The agreement is a reversal for Republicans, who had argued that Mr. Bush could make no such agreement because it would be an abrogation of his constitutional authority to make recess appointments.
Similar agreements have been made to dislodge nominees stuck in the Senate, but no one involved in the negotiations could recall a sitting president making such a compromise.
Although yesterday’s deal was agreed to by the parties’ leaders, it drew criticism from senators on both sides.
“My concern is, now that the Democrat obstructionists have successfully negotiated in exchange for their hostages, what will stop them from blocking all future nominees,” asked Sen. John Cornyn, Texas Republican and member of the Senate Judiciary Committee. “What will stop future Congresses from employing similar tactics? When does it end?”
The deal also rankled Democrats still smarting over the two blocked nominees who Mr. Bush installed on the federal appeals court, bypassing Senate approval.
Although power to make such recess appointments is clearly spelled out in the Constitution, Democrats argue that it was wrong of Mr. Bush to recess-appoint two nominees who had been so publicly and actively opposed by 45 Democrats in the Senate.
Sen. Edward M. Kennedy, Massachusetts Democrat, said yesterday that although he welcomes the deal, it “doesn’t change the fact that the two recess appointments President Bush has made are an affront to the constitutional role of the Senate and totally inappropriate.”
Yesterday’s agreement also sets the stage for what could be an embarrassing defeat for Mr. Bush down the line: the first defeat by the full Senate of one of his nominees.
Among the nominees Democrats are allowing to be voted on is J. Leon Holmes, nominated to the federal bench for the Eastern District of Arkansas. Although he has support from his home state’s two Democratic senators, Mr. Holmes has been harshly criticized for religious writings in which he said women belong in roles subservient to men.

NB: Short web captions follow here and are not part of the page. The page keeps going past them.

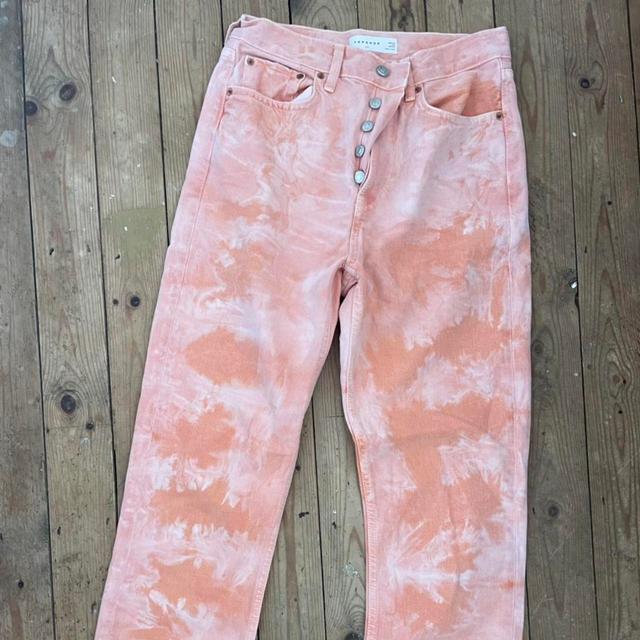 Topshop Women's Straight leg Acid-washed Jeans - Orange - UK 28 on Productcaster.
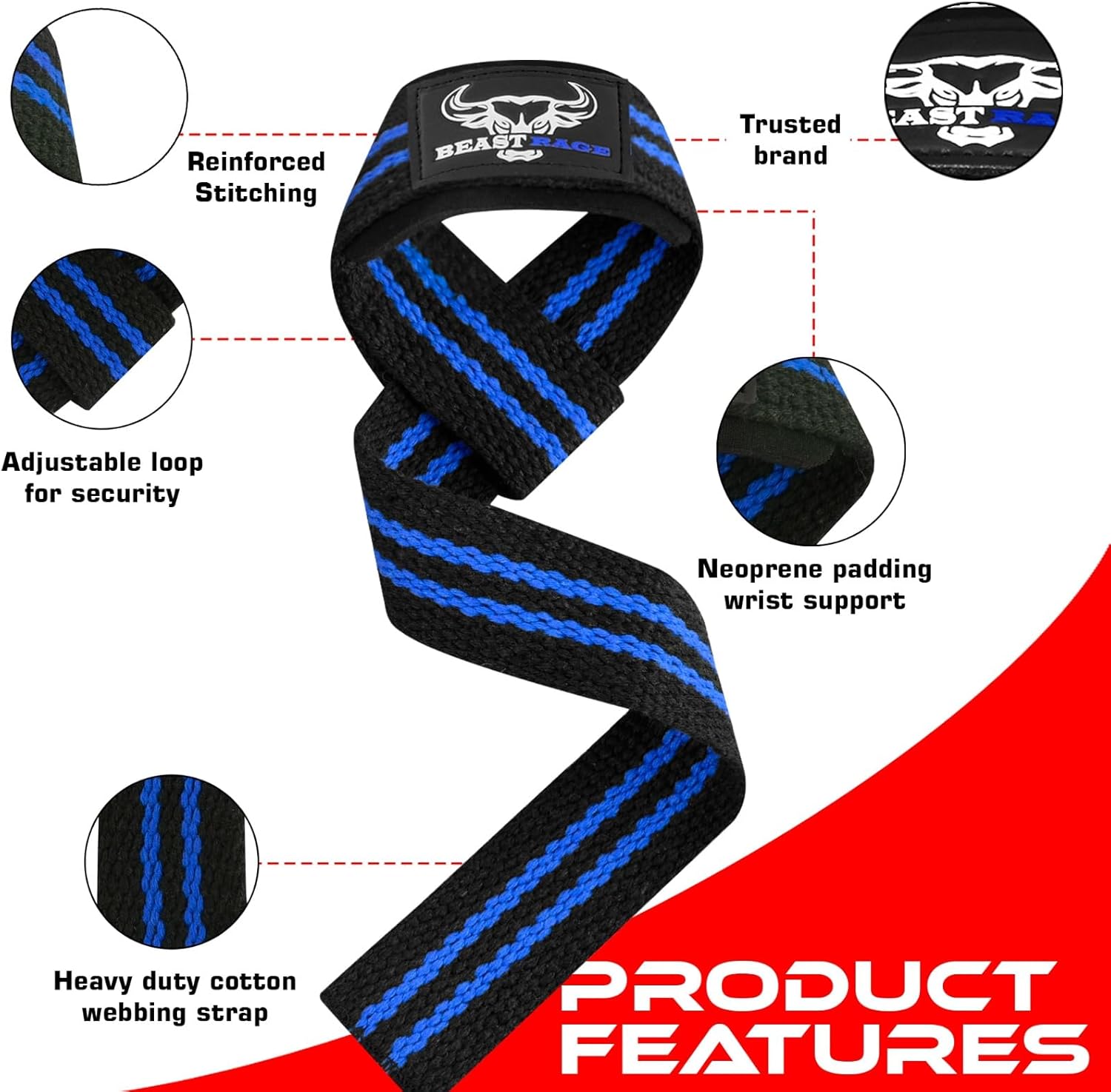 BEAST RAGE Lifting Wrist Straps for Weightlifting, Weight Lifting Straps Gym Grip Power Workouts Lifting Straps Padded Cotton Men Women Wrap Lift Deadlift Straps Hard Pull Exercise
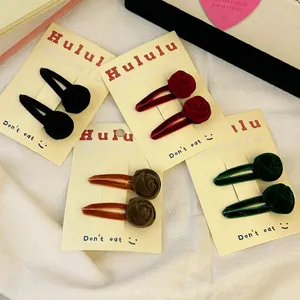 Rose Flower Hair Clips Velvet Metal Snap Closure Vintage French Style Handmade Hairpin Accessories Women Girls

This criticism is shared by several Senate Republicans, including Sens. Arlen Specter of Pennsylvania, Lincoln Chafee of Rhode Island, and Olympia J. Snowe and Susan Collins of Maine.
One nominee whose name does not appear on the list slated for a final confirmation vote is Michigan Judge Henry W. Saad, nominated to the 6th U.S. Circuit Court of Appeals.
Sen. Orrin G. Hatch has postponed the committee hearing on his nomination 19 times while he negotiates with Sen. Carl Levin, Michigan Democrat, over Judge Saad and three other Bush nominees from Michigan. Mr. Levin remains angry that a a cousin’s wife wasn’t confirmed to that same court when President Clinton was in office.